Entre ces deux bâtiments devenus emblématiques du paysage urbain lafrançaisain, il y a l’actuelle « maison d’animation » qu’occupe partiellement l’Office de Tourisme intercommunal et qui date, dans sa forme actuelle, du premier quart du XIXe siècle. Cette belle maison bourgeoise abritait depuis 1863 la mairie (jusqu’en 1896) et la justice de paix sur sa partie avant, la prison de Lafrançaise en dessous. Les locaux de la maison commune, qui se trouvaient depuis le XVIIe siècle dans la Grande rue, étaient en effet devenus trop exigus à cette époque pour une municipalité dont les fonctions et les attributions s’accroissent depuis la Révolution. Mais elle abritait aussi, tout d’abord dans sa partie arrière, une école des garçons en pleine expansion avec la généralisation de l’enseignement primaire au cours du XIXe siècle et qui avait donc également eu besoin d’accroître ses locaux... Un portail à l’arrière, portant la date de 1862, permettait autrefois d’accéder à cette école avant qu’elle n’occupe l’ensemble des locaux après l’ultime déménagement de la mairie à la fin du siècle.
Entre cette maison et l’église, l’Esplanade des combattants amène aujourd’hui vers le monument aux morts. Il s’agit d’une œuvre d’André Abbal à la mémoire des soldats « morts pour la France », surmonté d’une statue de Saül Cladel à la gloire de la France triomphante dont la figure allégorique soulève l’aigle allemand terrassé. Son installation en 1922 à cet endroit a entraîné le déplacement des statues de la Vierge à l’Enfant et du Christ à l’entrée de l’église (érigées en 1864 pour la première, en 1911 pour la seconde, à l’issue de missions, dans un contexte de tentative de reconquête catholique de l’espace et des âmes). Le sacré national et républicain investit désormais l’endroit en lieu et place du sacré catholique, tout comme le lieu du pouvoir civil municipal a investi la place principale à partir de 1862.

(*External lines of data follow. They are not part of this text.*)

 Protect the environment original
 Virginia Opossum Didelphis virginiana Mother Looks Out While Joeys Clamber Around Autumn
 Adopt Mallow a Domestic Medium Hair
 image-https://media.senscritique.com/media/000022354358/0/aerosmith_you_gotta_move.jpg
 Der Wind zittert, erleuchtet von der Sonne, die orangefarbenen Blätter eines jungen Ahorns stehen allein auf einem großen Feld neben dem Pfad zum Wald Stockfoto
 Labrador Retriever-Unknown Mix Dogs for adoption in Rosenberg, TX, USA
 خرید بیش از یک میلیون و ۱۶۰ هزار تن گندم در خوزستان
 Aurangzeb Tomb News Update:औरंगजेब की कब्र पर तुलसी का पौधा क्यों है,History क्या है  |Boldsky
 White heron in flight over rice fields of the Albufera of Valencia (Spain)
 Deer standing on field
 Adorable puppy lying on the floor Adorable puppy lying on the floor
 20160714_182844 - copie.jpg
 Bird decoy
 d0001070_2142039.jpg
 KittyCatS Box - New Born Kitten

Ainsi, progressivement, l’ancienne « place découverte » de l’Ancien Régime est devenue le cœur de la vie sociale, publique, civique de Lafrançaise, flanquée de la mairie, de l’école publique, de la nouvelle entrée de l’église paroissiale et d’une esplanade menant aux « lieux sacrés ». Cette centralité suppose alors qu’elle reçoive un nom à la mesure de son importance : elle portera successivement, à partir du début du XIXe siècle, les noms de Place impériale, puis Place royale, Place de la Mairie, avant de prendre en 1910 son nom actuel de Place de la République.

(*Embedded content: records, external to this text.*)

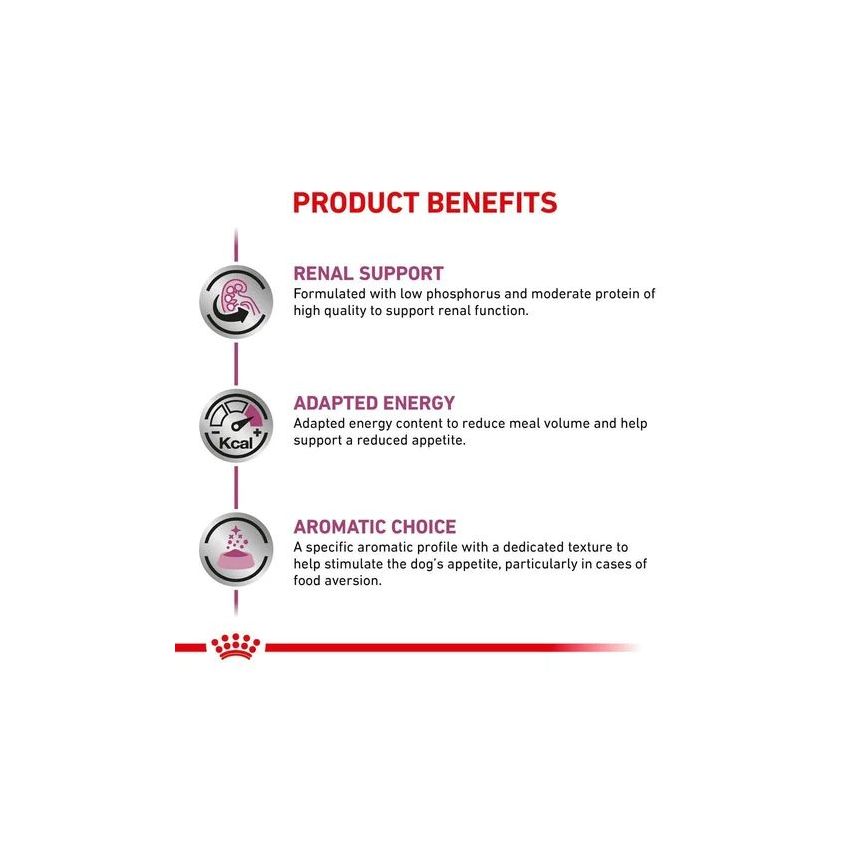 VHN RENAL DOG CANS 410G*12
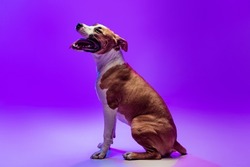 Pedigree dog, Staffordshire terrier posing isolated on purple studio background in neon. Looks happy, delighted. Concept of motion, action, pet's love. Copy space for ad, text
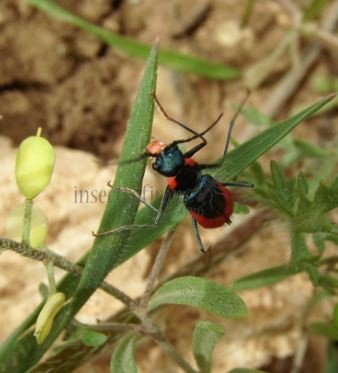 Malachius sp-3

Sur la place de la République se dressent également plusieurs maisons de caractère : à l’entrée de la rue Mary-Lafon se trouve la maison Inard puis Jordanet (maire de Lafrançaise de 1865 à 1885 et conseiller général) et face à elle, de l’autre côté de la place, la « maison Boscq » ; toutes deux datent de la fin du XVIIIe siècle.